**TASK INSTRUCTIONS:**
Although the records contain pictures, print none of them; print exactly the lines from the one with "su ugroženi 5" through the last line.

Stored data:
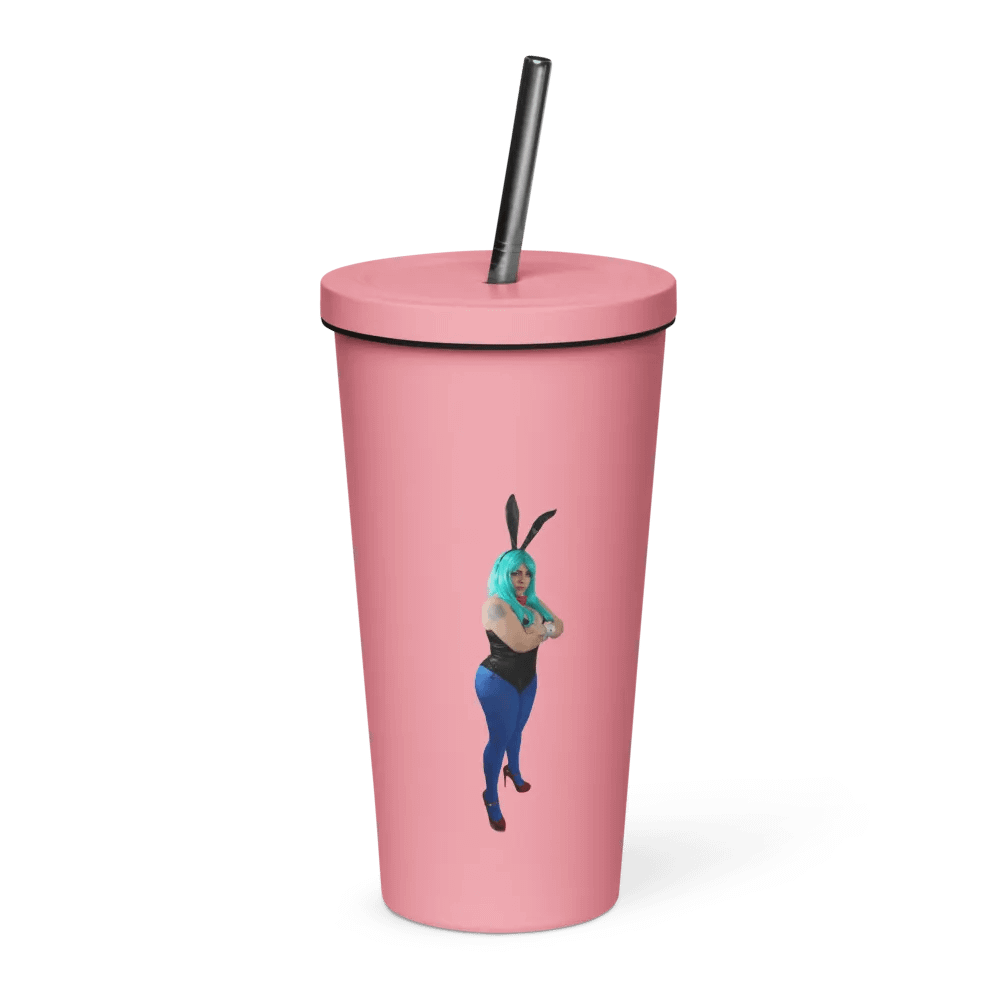 Bulma Bunny Insulated Tumbler w/ Straw product image (1)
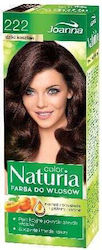 Joanna Naturia Βαφή Μαλλιών No. 222, Brown 40gr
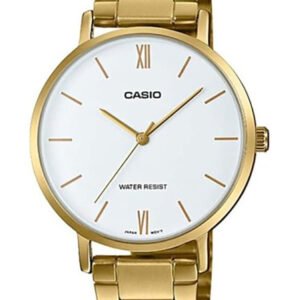 Casio vyriškas laikrodis MTP-VT01G-7B + DĖŽUTĖ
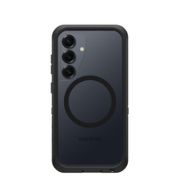 Image de OtterBox Defender XT with Magnets Series pour Samsung Galaxy S25, transparente/noir - Noir,Transparent (77-97580)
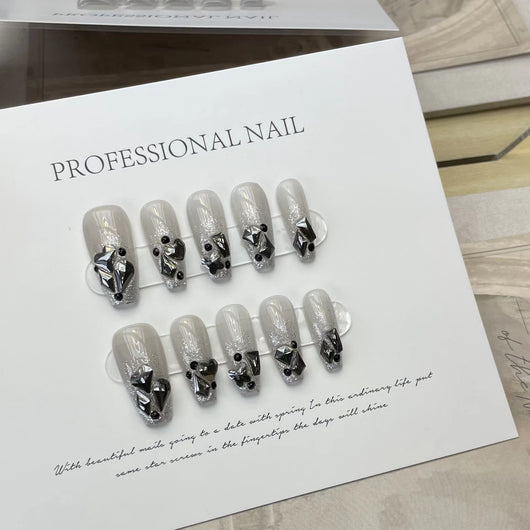 Pegatinas de Uñas Armor Warm Genie - Decoración Elegante y Duradera - Image 27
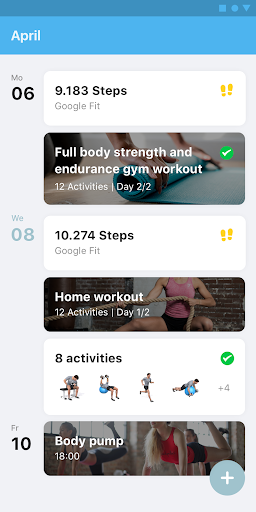 Quality Life App Screen 2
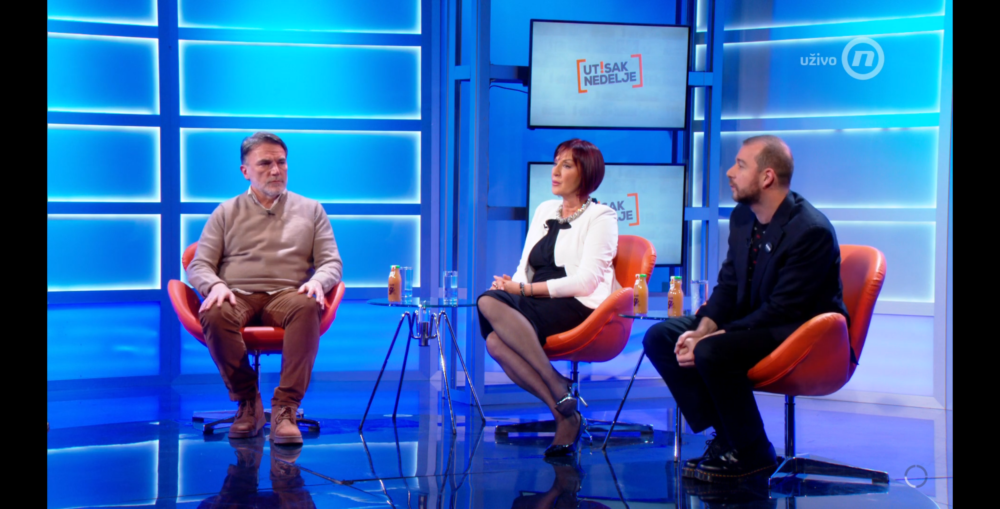 "Utisak nedelje": Priča o snajperistima je predsednikova inverzija stvarnosti, vodeći tužioci JTOK su ti koji su ugroženi 5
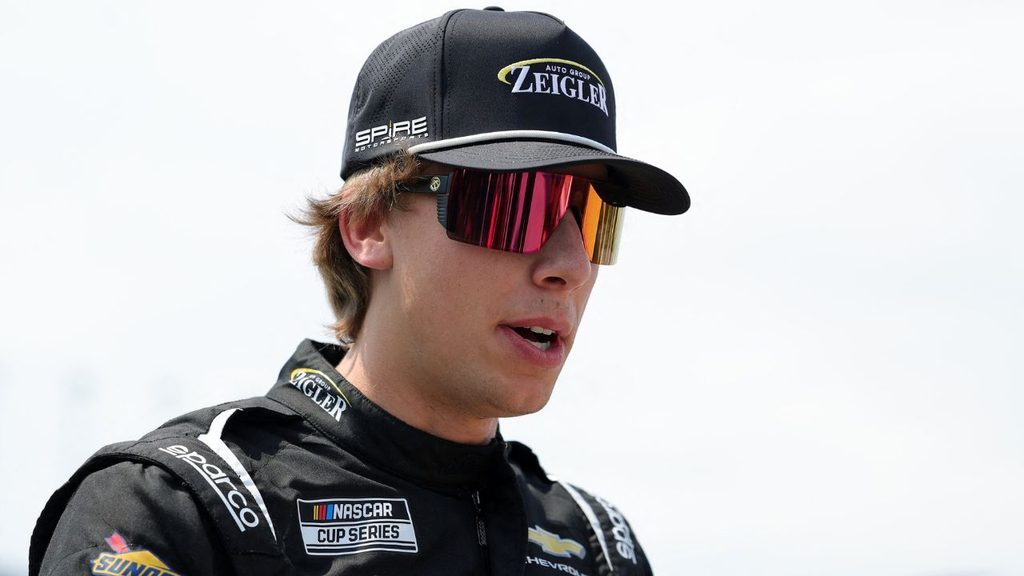 NASCAR Silly season contracts, rumors, and news carson hocevar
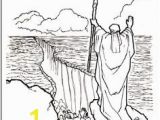 Moses In the Desert Coloring Pages Moses Printable Coloring Pages Sunday School Pinterest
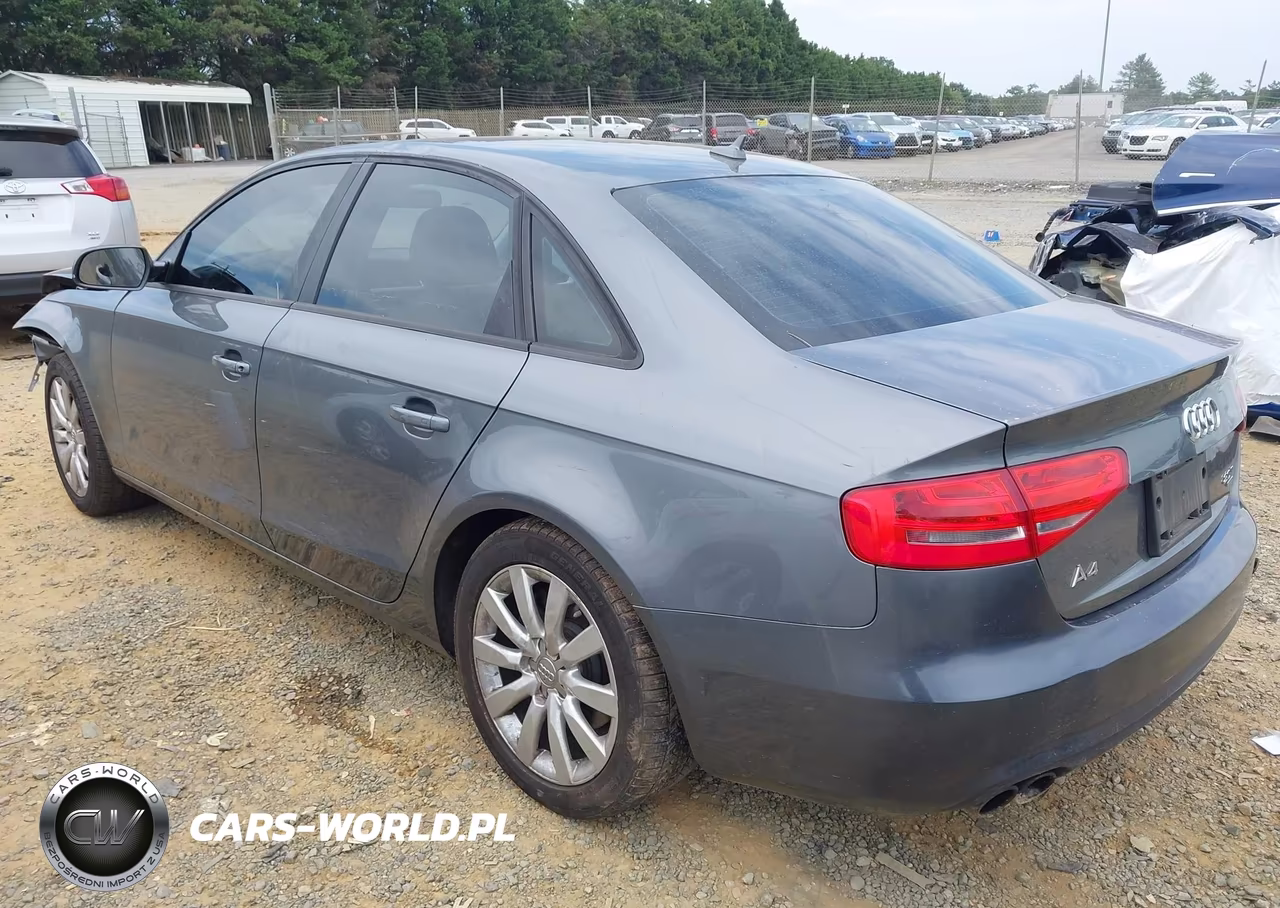 2014 Audi A4 2.0T Premium VIN:WAUBFAFLXEA111071 - 3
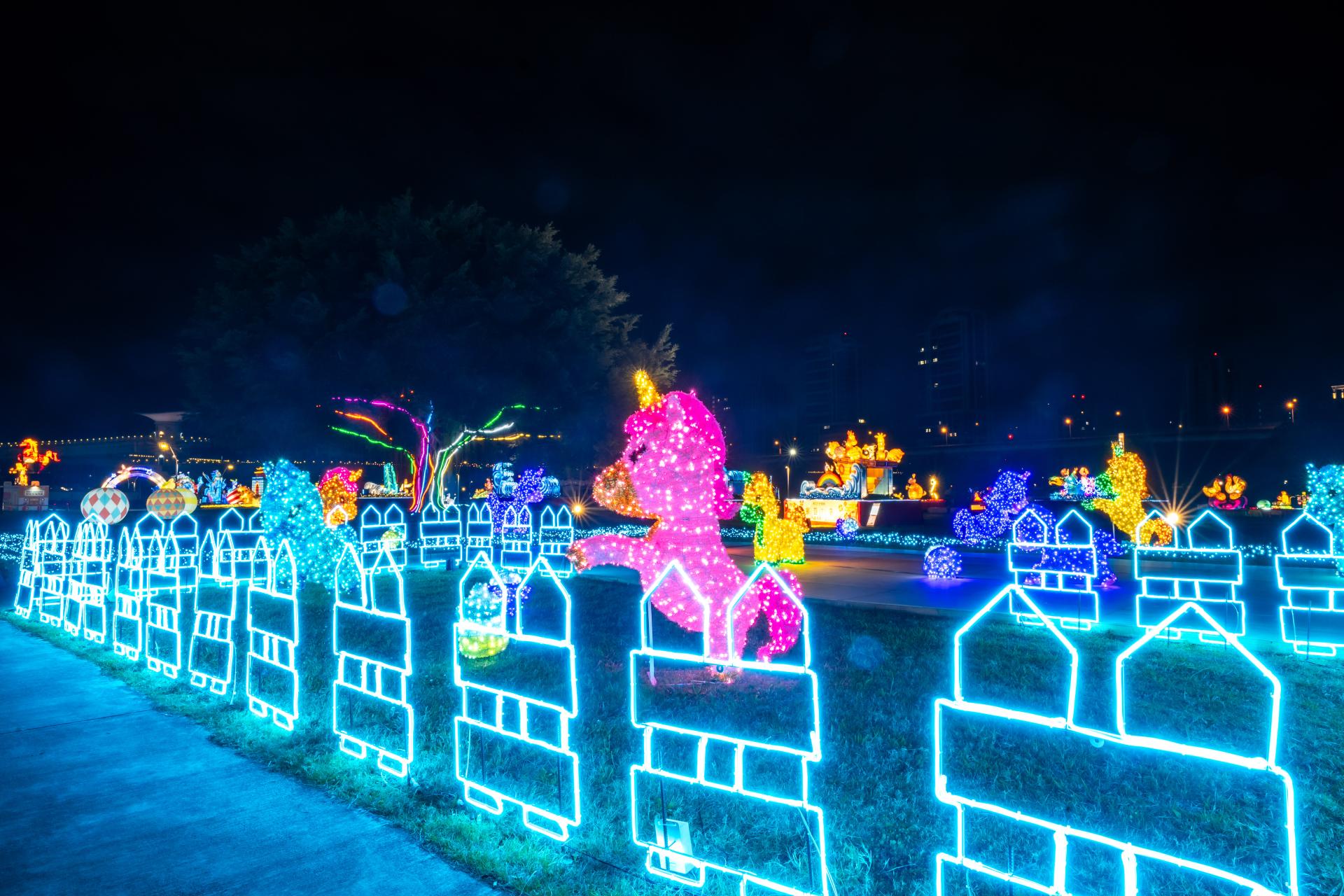 London Design Awards Winner - Luminous Gallop:2026 New Taipei Lantern Festival
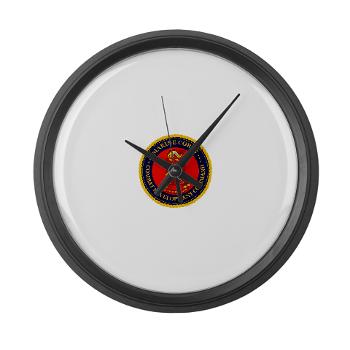 MCBQ - M01 - 03 - Marine Corps Base Quantico - Large Wall Clock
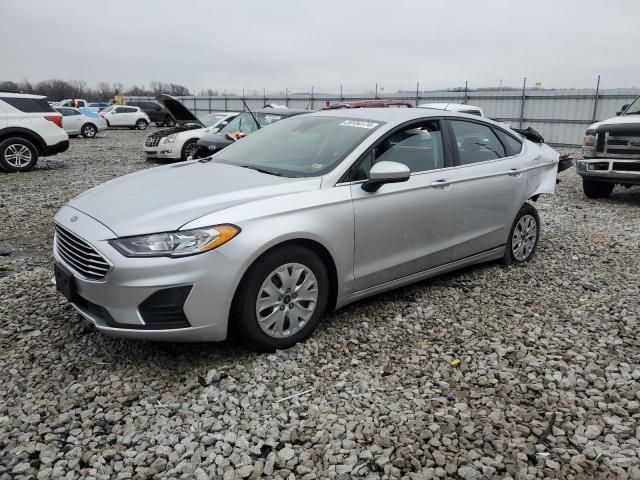 2019 Ford Fusion S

**RESULT OF THIS EXERCISE:**
 "Utisak nedelje": Priča o snajperistima je predsednikova inverzija stvarnosti, vodeći tužioci JTOK su ti koji su ugroženi 5
 NASCAR Silly season contracts, rumors, and news carson hocevar
 Moses In the Desert Coloring Pages Moses Printable Coloring Pages Sunday School Pinterest
 2014 Audi A4 2.0T Premium VIN:WAUBFAFLXEA111071 - 3
 London Design Awards Winner - Luminous Gallop:2026 New Taipei Lantern Festival
 MCBQ - M01 - 03 - Marine Corps Base Quantico - Large Wall Clock
 2019 Ford Fusion S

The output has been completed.